WHAT THE EXERCISE ASKS: Copy the data verbatim and leave out every picture.

DATASET SECTION:
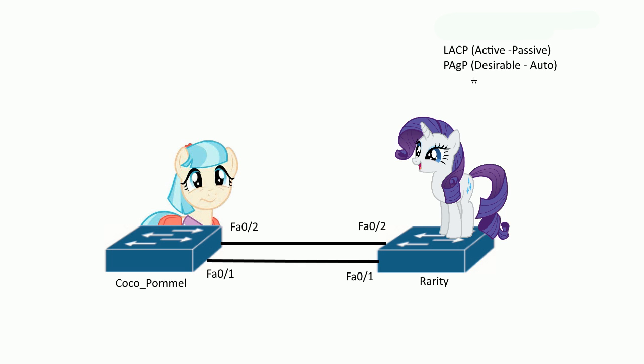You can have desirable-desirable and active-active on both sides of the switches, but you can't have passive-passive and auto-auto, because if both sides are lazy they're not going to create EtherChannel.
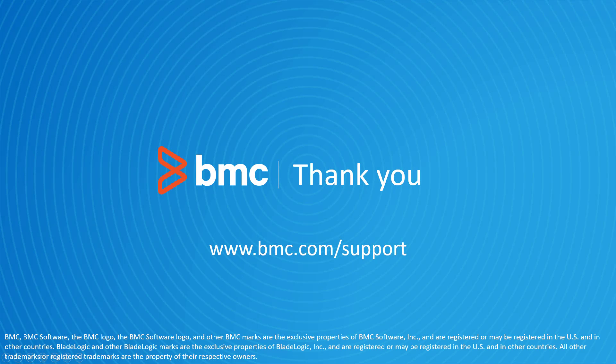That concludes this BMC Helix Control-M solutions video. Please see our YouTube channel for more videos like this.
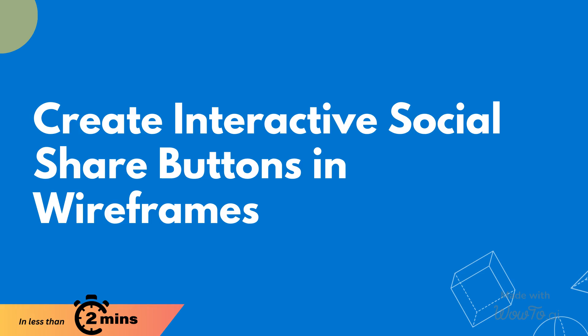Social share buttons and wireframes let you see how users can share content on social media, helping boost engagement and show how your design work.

SOLUTION FOR THIS PROBLEM:
You can have desirable-desirable and active-active on both sides of the switches, but you can't have passive-passive and auto-auto, because if both sides are lazy they're not going to create EtherChannel.
That concludes this BMC Helix Control-M solutions video. Please see our YouTube channel for more videos like this.
Social share buttons and wireframes let you see how users can share content on social media, helping boost engagement and show how your design work.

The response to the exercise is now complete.